In other words, I think the big back-and-forth about that thread ended up boiling down to how a reader responded to Tolkien and, since it was about where the enchantment (the willing suspension of disbelief) failed, it devolved into a question of whether it was the author or the reader's fault it had failed. And, don't get me wrong--it's a good thread and I kind of want to revisit some aspects of it, once I get through to the end of rereading it, but spurred on by the "protective coincidence," I want to look at something similar, it a bit reversed.

While the specifics may and probably do differ, Inziladun and I each seem to mean by "protective" that Tolkien's works have become dear to us: it is something we seek to protect; something--at least I would say--that is a part of who we are. (A parallel could no doubt be made to how the Ringbearers feel about the Ring, but hopefully this lacks the downsides.)

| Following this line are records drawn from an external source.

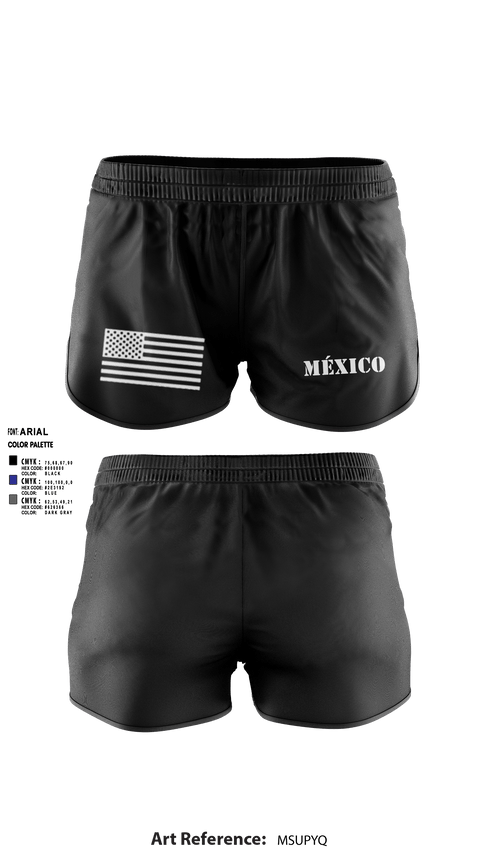 Ranger Panties, México, Army, Teamtime, Team time, sublimation, custom sports apparel, team uniforms, spirit wear, spiritwear, sports uniforms, custom shirts, team store, custom team store, fundraiser sports, apparel fundraiser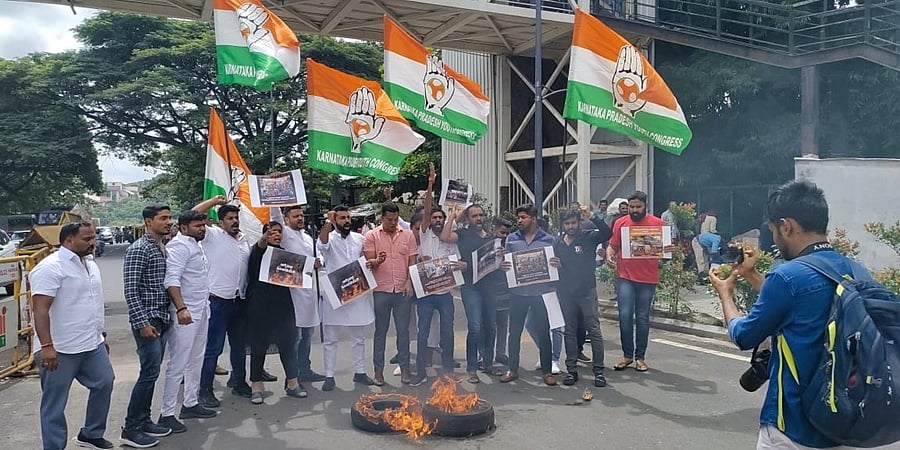 ಅಗ್ನಿಪಥ್ ಯೋಜನೆ ವಿರುದ್ಧ ಪ್ರತಿಭಟನೆ: ಎರಡು ಬಾರಿ ಮೊಹಮ್ಮದ್ ನಲಪಾಡ್ ಬಂಧನ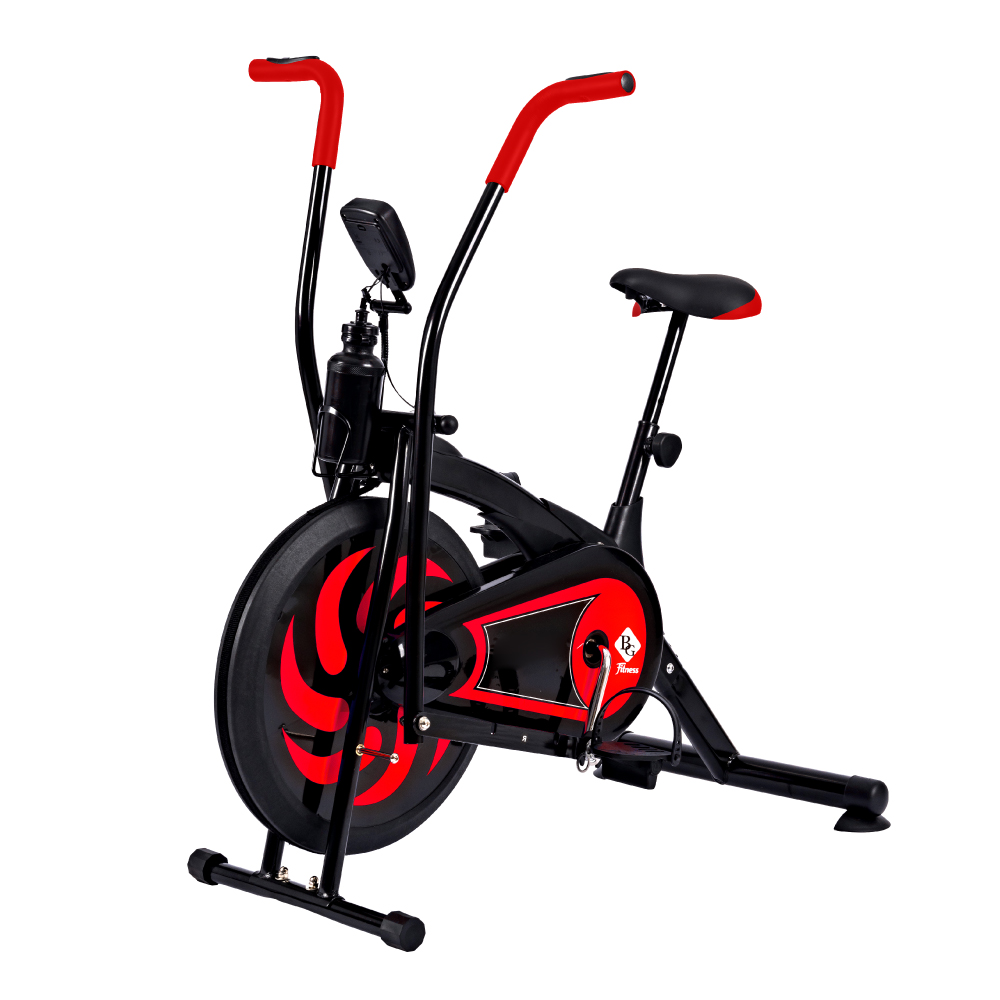 GYM - Xe đạp thể dục Màu hót năm 2023 thiết kế hoàn toàn mới (8701 Red)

In my own case, I remember that a visceral part of my dislike for the movies and part of my hesitancy at joining any sort of fan community in the days before I opened up to the Barrow-downs, was that it impinged on and seemed to threaten what Middle-earth meant to me. It is at once home and family and part of the furniture of my mind. Thinking of the "what breaks the enchantment?" question is hard because, well, I can't see anything in Middle-earth objectively.

Obviously, I overcame the hesitancy about joining the 'Downs and I'll even say that the PJ movies didn't end up ruining anything and might even not be bad movies, but that core impulse beneath of fearing to expose Middle-earth to too much scrutiny because it would be exposing me to scrutiny hasn't necessarily gone away. Arguably, I've just become better at deflecting it.

An example of this in the wild--as opposed to in my head--would be about a year ago, when there were several memes taking Gandalf's words "...so do all who live to see such times, yet it is not for them to decide... etc." popping up across Facebook and it was not just a case of applicability, of "these words in this book seem to apply to this situation," but a case of "these words are familiar from these books and because they are a strength for those characters, they are a strength for [INSERT READER HERE]."

This isn't a unique issue to Tolkien. There's a lot be said, for example, about the Star Wars fans who were so torn over The Last Jedi being torn because the new interpretation of the movies clashed in some way with the internalised vision of the Star Wars timeline that had become a part of their selves in years before. But I do think Tolkien has inspired a greater amount of this sort of protectionism because his work is as good as it is: there are fewer reasons NOT to imbibe it into one's self if it is the sort of thing you like.

I don't know if all that counts as a topic-starter or if it's more of a single-post statement, but where better to talk about the conflation myself and Middle-earth than on the 'Downs?